Whatever Works doesn't match Woody Allen's usual standards

10 April 2012

Nice to find Woody Allen returning to the New York he knows so well, even if Whatever Works hardly measures up to his previous standards. It is a gentle comedy about luck, chance and love in which Larry David grimly pursues some sort of satisfaction in life.

David plays Boris, a part Allen would once have taken — a crotchety old Jewish misanthrope who constantly thinks he’s about to die, suffers from panic attacks, knows he has failed in his career (he came close to a Nobel Prize for Quantum Mechanics), and in his marriage to the rich and beautiful

Jessica (Carolyn McCormick). He breaks off from a philosophical conversation with a group of friends to address the audience directly with his tale of doom and gloom.

After a failed suicide attempt, he spends his days insulting the children unfortunate enough to learn chess with him. Facing what he regards as the chaos of the universe, he recognises only that he is more intelligent than anyone else.
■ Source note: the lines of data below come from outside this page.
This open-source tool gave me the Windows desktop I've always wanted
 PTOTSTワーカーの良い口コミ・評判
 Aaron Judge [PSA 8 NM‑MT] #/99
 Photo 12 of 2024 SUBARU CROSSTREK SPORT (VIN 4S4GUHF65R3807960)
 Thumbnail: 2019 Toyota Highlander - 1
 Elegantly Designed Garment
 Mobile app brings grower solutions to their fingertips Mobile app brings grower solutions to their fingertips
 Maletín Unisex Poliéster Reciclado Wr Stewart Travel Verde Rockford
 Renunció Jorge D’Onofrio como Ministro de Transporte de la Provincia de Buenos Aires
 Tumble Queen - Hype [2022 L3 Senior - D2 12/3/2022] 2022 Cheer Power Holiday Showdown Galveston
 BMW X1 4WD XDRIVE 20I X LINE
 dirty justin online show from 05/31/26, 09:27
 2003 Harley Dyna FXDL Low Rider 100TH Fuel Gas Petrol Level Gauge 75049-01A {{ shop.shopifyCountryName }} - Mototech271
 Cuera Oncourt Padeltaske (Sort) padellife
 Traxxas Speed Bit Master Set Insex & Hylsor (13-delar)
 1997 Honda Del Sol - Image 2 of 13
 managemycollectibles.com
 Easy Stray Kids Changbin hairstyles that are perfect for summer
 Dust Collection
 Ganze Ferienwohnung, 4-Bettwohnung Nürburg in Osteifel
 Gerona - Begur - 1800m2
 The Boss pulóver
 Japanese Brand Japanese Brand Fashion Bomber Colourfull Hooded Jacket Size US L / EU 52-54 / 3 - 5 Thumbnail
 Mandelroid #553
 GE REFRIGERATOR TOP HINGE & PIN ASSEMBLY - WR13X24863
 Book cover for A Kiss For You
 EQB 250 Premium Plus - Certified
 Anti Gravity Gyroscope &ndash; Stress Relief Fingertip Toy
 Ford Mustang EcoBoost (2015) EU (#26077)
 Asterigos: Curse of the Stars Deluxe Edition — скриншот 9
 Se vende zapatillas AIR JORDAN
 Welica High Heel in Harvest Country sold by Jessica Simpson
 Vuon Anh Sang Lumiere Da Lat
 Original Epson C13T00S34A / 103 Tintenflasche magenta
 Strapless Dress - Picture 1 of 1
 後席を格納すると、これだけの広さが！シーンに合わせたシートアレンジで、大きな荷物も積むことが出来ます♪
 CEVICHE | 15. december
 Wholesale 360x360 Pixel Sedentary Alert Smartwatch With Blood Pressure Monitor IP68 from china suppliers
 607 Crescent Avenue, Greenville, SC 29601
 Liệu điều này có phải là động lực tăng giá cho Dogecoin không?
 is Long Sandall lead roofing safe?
When he takes in a young Mississippi runaway (Evan Rachel Wood) whom he finds on the streets, he is prepared to mock her as a brainless twit, too innocent to survive alone in the big city.

Amazingly, she falls for him and, despite his doubts and his disinterest in either women or sex, they marry.

This is little more than a fairytale, punctuated by the grouch’s cynicism and his gradual realisation that chance has led him to a good thing — until the sudden arrival of the girl’s mother (Patricia Clarkson) puts the cat among the pigeons. All’s well that ends well, however, when our anti-hero tries suicide again and falls on the woman of his dreams (Jessica Hecht). Whatever works.

The film is not as fun in its second half as it is in its first. It becomes increasingly silly, in fact, but the cast plays the game for Allen, sometimes a little desperately, and David makes an excellent curmudgeon. Such a man could be called an idiot savant if that wasn’t an insult to the breed.